Would lowering the number of n-threads for revalidator and handler help?

However both of the nodes are with high number of CPU cores >160.

Comment 2 ldenny 2023-06-14 03:47:28 UTC
One thing I would like to mention we discovered during the troubleshooting is this environment does not have OVN DVR enabled, so a lot of the traffic coming from the compute nodes needs to route through the controller nodes. Maybe that is the difference between the controller and compute ovs-vswitchd cpu usage but we're unsure.

This upstream bug looks quite accurate [1] but we don't see any `blocked 1000 ms waiting for revalidator127 to quiesce` messages.

[1] https://bugs.launchpad.net/ubuntu/+source/openvswitch/+bug/1827264

Comment 4 Rodolfo Alonso 2023-06-23 09:56:29 UTC
Hello:

In the Neutron team we initially thought that this issue was related to the router HA VRRP traffic. But this environment is using OVN thus this is not the problem.

Investigating a bit I found that this problem could be related to an outdated glibc library. According to the U/S bugs [1][2][3], this issue was fixed in [4], target milestone 2.29. The version installed in a OSP16.2 deployment, using RHEL8.4, is glibc-2.28-151.el8.x86_64.

Regards.

[1]https://bugs.launchpad.net/ubuntu/+source/openvswitch/+bug/1827264
[2]https://bugs.launchpad.net/ubuntu/+source/openvswitch/+bug/1839592
[3]https://github.com/openvswitch/ovs-issues/issues/175
[4]https://sourceware.org/bugzilla/show_bug.cgi?id=23861

Comment 7 ldenny 2023-06-27 03:13:32 UTC
Hi Rodolfo, 

Is the glibc version something we can get updated in RHEL?

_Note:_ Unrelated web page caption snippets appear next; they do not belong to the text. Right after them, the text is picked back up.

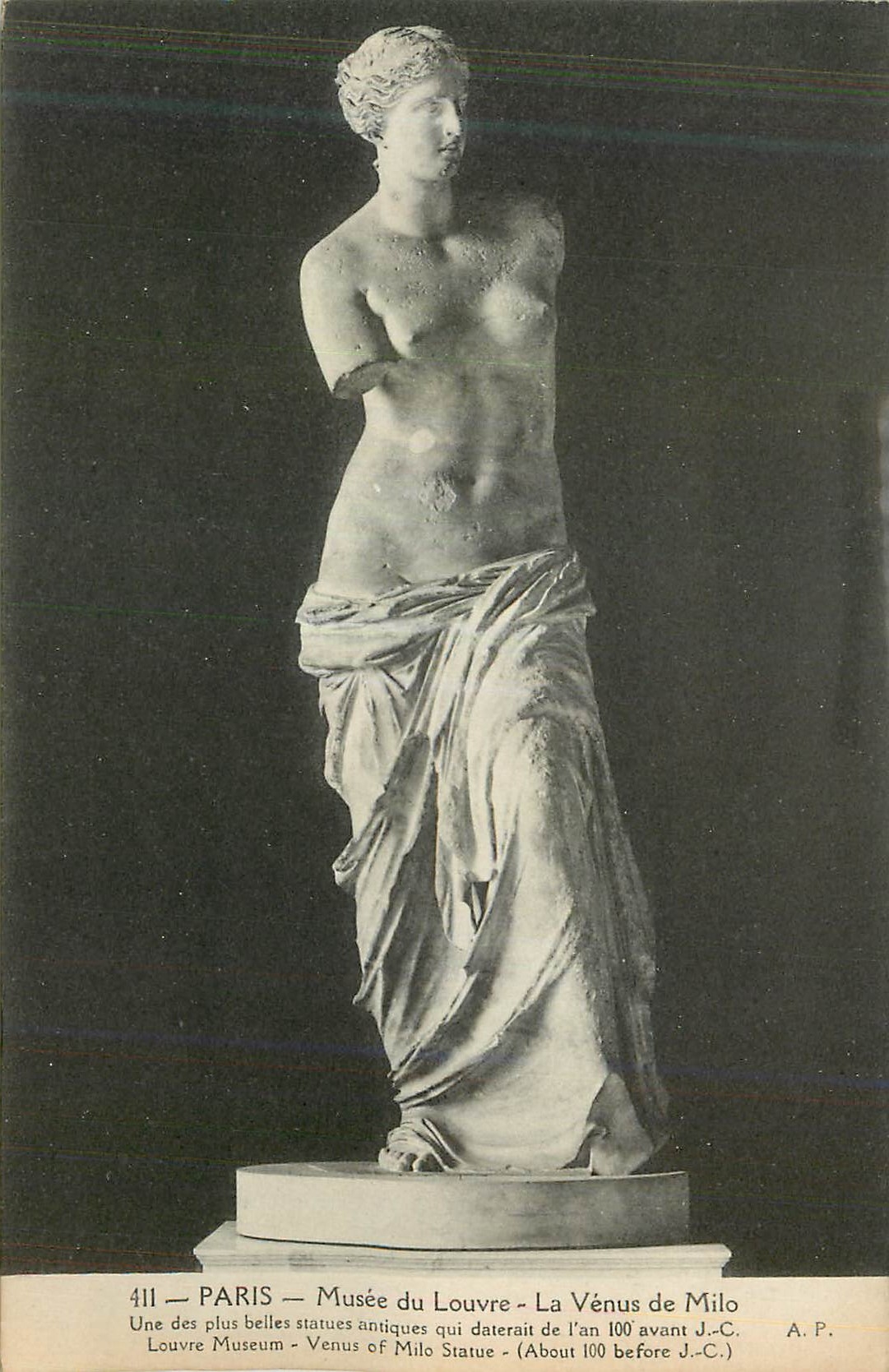 CPA Paris Musee du Louvre La Venus de Milo Une des plus Belles Statues Antiques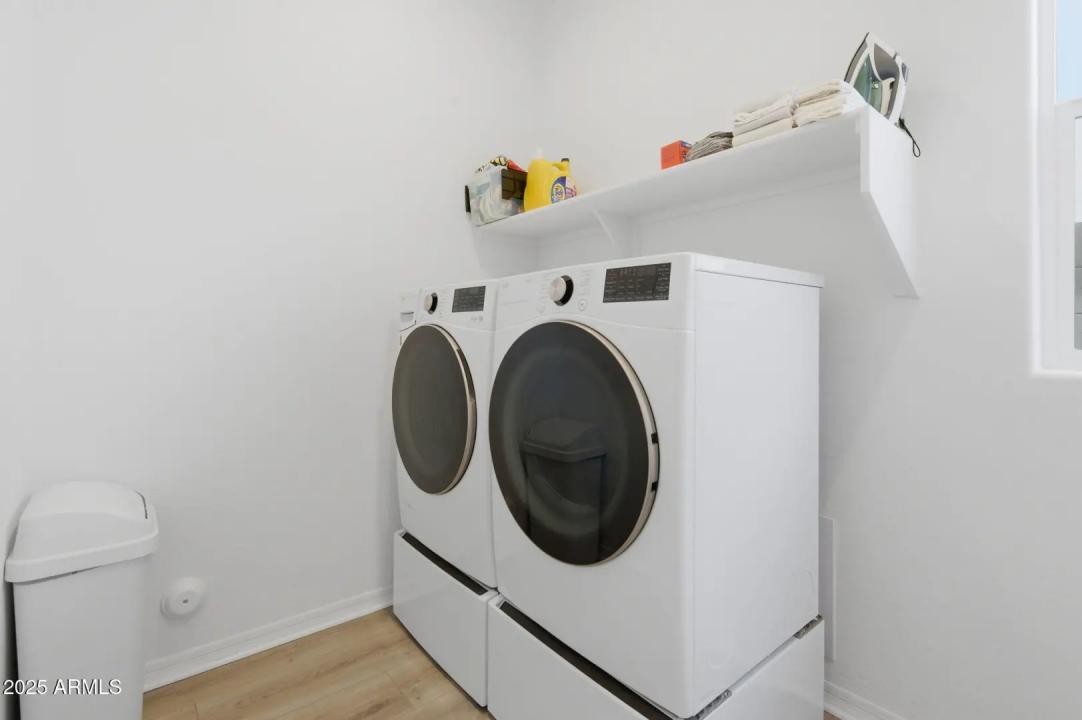 Real Estate Picture 15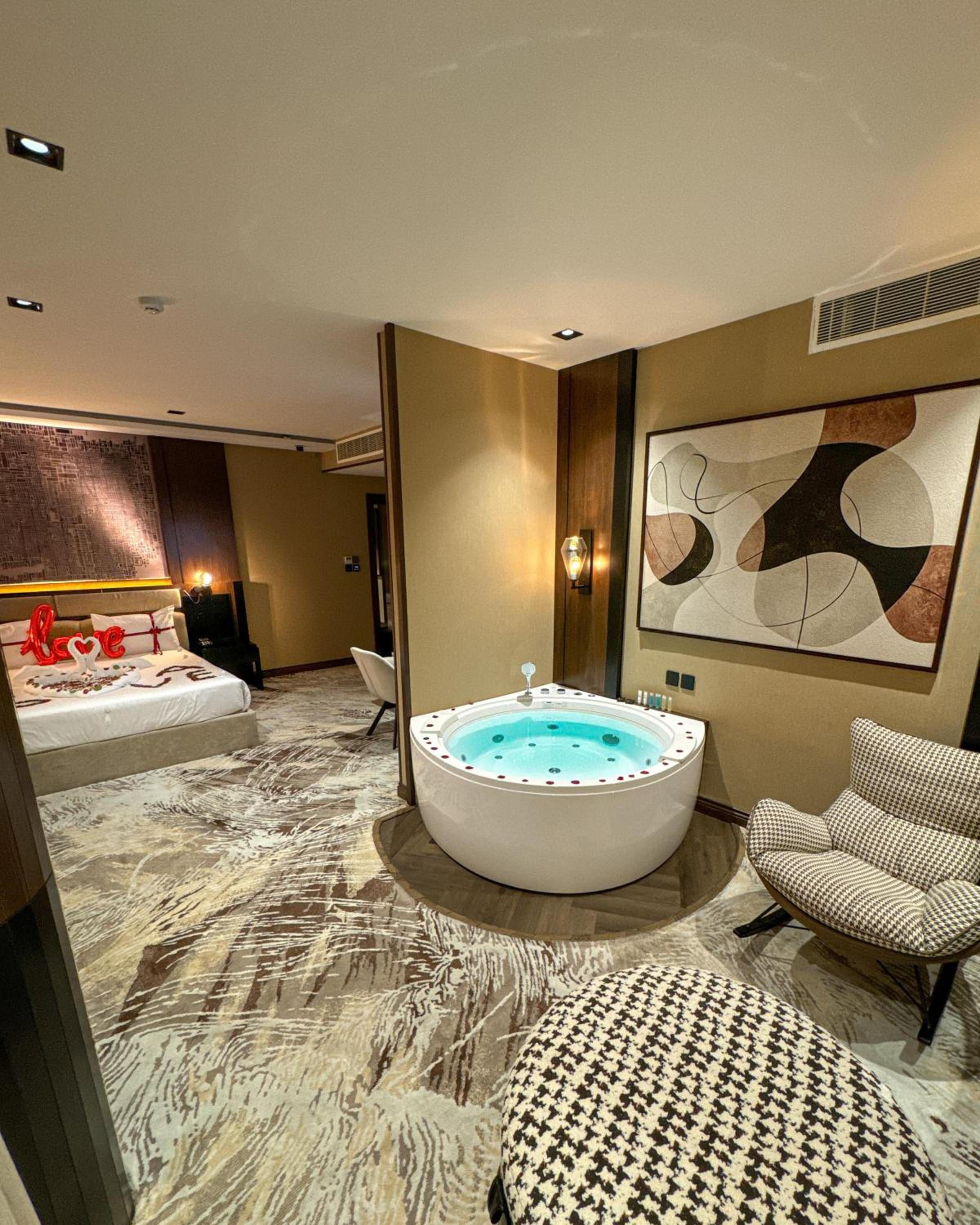 Premium Royal Suite photo 3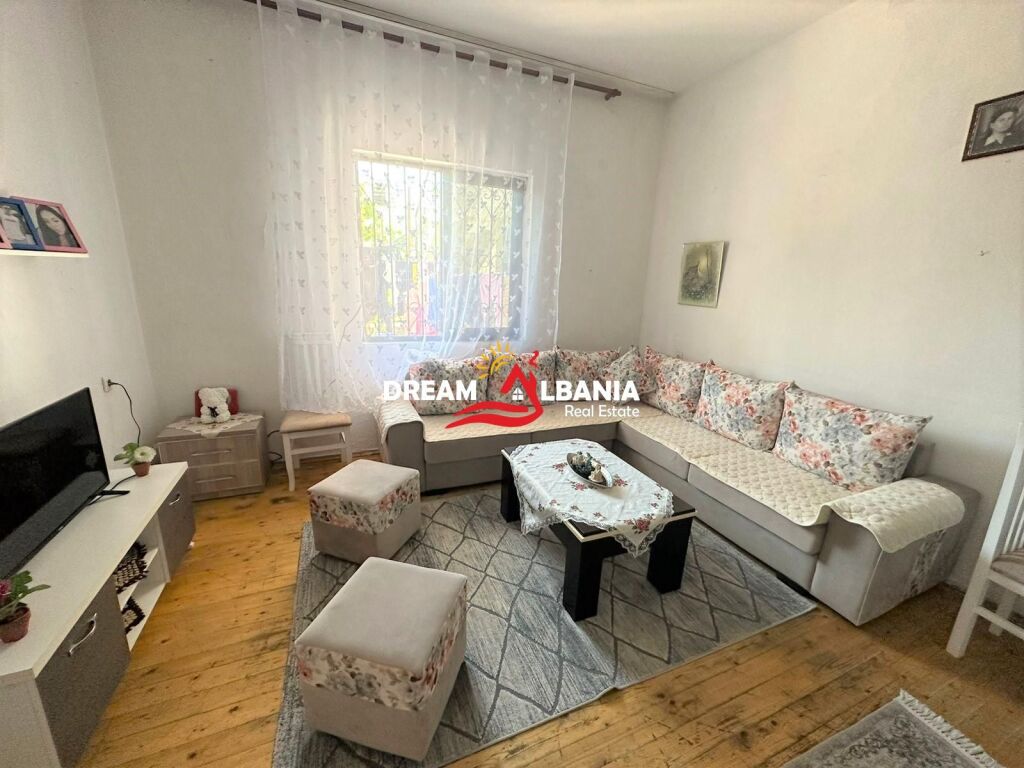 Two-story villa for sale at the end of Jordan Misja street, near the train tracks (ID 4151100)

I'm glad you agree this seems to be the issue but I'm not sure how we can prove this, are we able to compile a test version of OVS with the updated version?

There is a reproducer program linked here [1] I will test in my RHOSP16.2 lab, if we can get a test version of OVS I could install or compile in the lab and see if it fixes the reproducer program at least.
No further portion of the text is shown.